Required action =
Transcribe the entire listing faithfully; every line must match the original.

Supplied material =
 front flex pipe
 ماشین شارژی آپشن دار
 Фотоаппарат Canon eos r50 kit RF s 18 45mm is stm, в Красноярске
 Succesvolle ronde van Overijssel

Task result =
 front flex pipe
 ماشین شارژی آپشن دار
 Фотоаппарат Canon eos r50 kit RF s 18 45mm is stm, в Красноярске
 Succesvolle ronde van Overijssel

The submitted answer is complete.